• _What the task requires_: Repeat exactly the lines from the start of the material below up to and including the "Frauen mit Bibeln, die sie hochhalten" line.
►
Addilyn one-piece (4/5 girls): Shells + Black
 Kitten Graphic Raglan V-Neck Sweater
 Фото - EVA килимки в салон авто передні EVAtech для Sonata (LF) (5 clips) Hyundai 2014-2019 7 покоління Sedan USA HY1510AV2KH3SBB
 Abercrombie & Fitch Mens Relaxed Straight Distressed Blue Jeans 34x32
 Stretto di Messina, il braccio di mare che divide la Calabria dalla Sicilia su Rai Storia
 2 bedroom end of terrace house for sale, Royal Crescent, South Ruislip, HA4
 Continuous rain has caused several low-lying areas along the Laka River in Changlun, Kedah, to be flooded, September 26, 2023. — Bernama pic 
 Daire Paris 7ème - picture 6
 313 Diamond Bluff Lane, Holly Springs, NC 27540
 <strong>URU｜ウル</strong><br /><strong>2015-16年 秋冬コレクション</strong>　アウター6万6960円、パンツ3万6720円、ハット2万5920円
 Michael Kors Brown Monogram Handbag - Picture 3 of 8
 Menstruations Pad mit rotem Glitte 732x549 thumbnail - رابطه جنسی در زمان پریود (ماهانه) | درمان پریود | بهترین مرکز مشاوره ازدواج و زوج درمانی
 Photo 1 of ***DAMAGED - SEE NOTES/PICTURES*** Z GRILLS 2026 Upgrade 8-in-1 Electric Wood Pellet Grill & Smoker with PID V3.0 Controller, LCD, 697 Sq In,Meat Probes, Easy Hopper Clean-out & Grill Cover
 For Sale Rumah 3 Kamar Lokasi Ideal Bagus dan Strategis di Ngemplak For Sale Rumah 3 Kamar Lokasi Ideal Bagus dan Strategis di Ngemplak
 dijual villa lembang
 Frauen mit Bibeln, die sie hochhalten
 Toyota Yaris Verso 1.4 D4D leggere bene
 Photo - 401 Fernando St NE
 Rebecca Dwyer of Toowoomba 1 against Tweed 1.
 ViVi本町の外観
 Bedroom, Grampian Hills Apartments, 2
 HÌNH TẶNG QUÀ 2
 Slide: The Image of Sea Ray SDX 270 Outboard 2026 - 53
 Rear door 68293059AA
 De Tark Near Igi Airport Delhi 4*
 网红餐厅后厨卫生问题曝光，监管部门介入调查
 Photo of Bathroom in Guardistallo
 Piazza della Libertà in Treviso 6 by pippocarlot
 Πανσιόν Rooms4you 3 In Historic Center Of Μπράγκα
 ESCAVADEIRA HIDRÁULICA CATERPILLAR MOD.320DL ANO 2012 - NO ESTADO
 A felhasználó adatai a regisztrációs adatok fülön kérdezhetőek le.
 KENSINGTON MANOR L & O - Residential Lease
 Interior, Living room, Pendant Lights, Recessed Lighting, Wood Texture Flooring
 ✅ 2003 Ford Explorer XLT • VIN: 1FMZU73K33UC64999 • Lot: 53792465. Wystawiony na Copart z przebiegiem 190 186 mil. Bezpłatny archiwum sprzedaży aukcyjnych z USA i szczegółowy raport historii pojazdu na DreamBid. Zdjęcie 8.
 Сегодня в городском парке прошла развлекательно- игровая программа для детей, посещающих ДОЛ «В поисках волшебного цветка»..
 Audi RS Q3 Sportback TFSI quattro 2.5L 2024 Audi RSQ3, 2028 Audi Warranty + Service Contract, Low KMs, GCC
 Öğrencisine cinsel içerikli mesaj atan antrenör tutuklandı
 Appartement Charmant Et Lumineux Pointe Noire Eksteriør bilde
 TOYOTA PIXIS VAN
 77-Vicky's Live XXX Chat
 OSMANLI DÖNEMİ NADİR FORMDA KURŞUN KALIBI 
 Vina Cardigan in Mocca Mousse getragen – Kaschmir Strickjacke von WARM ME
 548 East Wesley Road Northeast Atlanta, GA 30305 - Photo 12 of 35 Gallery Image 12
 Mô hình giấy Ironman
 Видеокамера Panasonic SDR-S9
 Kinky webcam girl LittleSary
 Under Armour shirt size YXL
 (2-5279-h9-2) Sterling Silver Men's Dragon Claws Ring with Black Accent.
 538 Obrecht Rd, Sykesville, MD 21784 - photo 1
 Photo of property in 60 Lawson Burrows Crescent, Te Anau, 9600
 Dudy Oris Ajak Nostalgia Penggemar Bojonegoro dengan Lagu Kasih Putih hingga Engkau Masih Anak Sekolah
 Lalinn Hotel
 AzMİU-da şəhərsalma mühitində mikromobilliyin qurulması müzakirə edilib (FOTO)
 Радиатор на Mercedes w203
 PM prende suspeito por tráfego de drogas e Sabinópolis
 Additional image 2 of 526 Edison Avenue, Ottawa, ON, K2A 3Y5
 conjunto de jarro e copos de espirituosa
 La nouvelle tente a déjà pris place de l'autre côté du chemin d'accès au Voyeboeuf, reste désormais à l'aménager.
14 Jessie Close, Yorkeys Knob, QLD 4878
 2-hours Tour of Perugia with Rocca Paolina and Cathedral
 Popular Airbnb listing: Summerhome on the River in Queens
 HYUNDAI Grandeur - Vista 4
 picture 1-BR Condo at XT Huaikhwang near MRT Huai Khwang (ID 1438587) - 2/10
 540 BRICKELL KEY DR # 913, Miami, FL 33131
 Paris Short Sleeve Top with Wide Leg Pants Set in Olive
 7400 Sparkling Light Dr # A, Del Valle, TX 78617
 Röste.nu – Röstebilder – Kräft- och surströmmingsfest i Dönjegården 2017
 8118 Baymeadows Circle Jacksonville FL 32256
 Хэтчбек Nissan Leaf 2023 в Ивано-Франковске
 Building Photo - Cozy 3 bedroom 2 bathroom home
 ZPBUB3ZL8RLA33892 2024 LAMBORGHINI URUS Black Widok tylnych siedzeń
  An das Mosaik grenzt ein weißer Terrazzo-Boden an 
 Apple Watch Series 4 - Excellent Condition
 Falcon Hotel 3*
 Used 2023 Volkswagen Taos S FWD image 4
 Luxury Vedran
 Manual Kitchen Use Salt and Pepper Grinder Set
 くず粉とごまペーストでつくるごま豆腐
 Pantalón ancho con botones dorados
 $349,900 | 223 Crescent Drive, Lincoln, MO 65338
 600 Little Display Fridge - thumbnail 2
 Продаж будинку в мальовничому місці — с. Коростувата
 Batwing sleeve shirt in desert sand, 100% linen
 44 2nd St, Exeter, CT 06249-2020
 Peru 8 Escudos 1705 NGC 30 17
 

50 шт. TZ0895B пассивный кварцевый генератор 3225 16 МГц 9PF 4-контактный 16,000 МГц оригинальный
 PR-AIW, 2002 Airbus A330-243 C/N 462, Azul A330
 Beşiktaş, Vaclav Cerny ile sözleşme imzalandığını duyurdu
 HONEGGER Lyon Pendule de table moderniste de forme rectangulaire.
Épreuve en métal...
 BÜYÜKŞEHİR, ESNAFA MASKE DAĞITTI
◄
• _Exercise solution_:
Addilyn one-piece (4/5 girls): Shells + Black
 Kitten Graphic Raglan V-Neck Sweater
 Фото - EVA килимки в салон авто передні EVAtech для Sonata (LF) (5 clips) Hyundai 2014-2019 7 покоління Sedan USA HY1510AV2KH3SBB
 Abercrombie & Fitch Mens Relaxed Straight Distressed Blue Jeans 34x32
 Stretto di Messina, il braccio di mare che divide la Calabria dalla Sicilia su Rai Storia
 2 bedroom end of terrace house for sale, Royal Crescent, South Ruislip, HA4
 Continuous rain has caused several low-lying areas along the Laka River in Changlun, Kedah, to be flooded, September 26, 2023. — Bernama pic 
 Daire Paris 7ème - picture 6
 313 Diamond Bluff Lane, Holly Springs, NC 27540
 <strong>URU｜ウル</strong><br /><strong>2015-16年 秋冬コレクション</strong>　アウター6万6960円、パンツ3万6720円、ハット2万5920円
 Michael Kors Brown Monogram Handbag - Picture 3 of 8
 Menstruations Pad mit rotem Glitte 732x549 thumbnail - رابطه جنسی در زمان پریود (ماهانه) | درمان پریود | بهترین مرکز مشاوره ازدواج و زوج درمانی
 Photo 1 of ***DAMAGED - SEE NOTES/PICTURES*** Z GRILLS 2026 Upgrade 8-in-1 Electric Wood Pellet Grill & Smoker with PID V3.0 Controller, LCD, 697 Sq In,Meat Probes, Easy Hopper Clean-out & Grill Cover
 For Sale Rumah 3 Kamar Lokasi Ideal Bagus dan Strategis di Ngemplak For Sale Rumah 3 Kamar Lokasi Ideal Bagus dan Strategis di Ngemplak
 dijual villa lembang
 Frauen mit Bibeln, die sie hochhalten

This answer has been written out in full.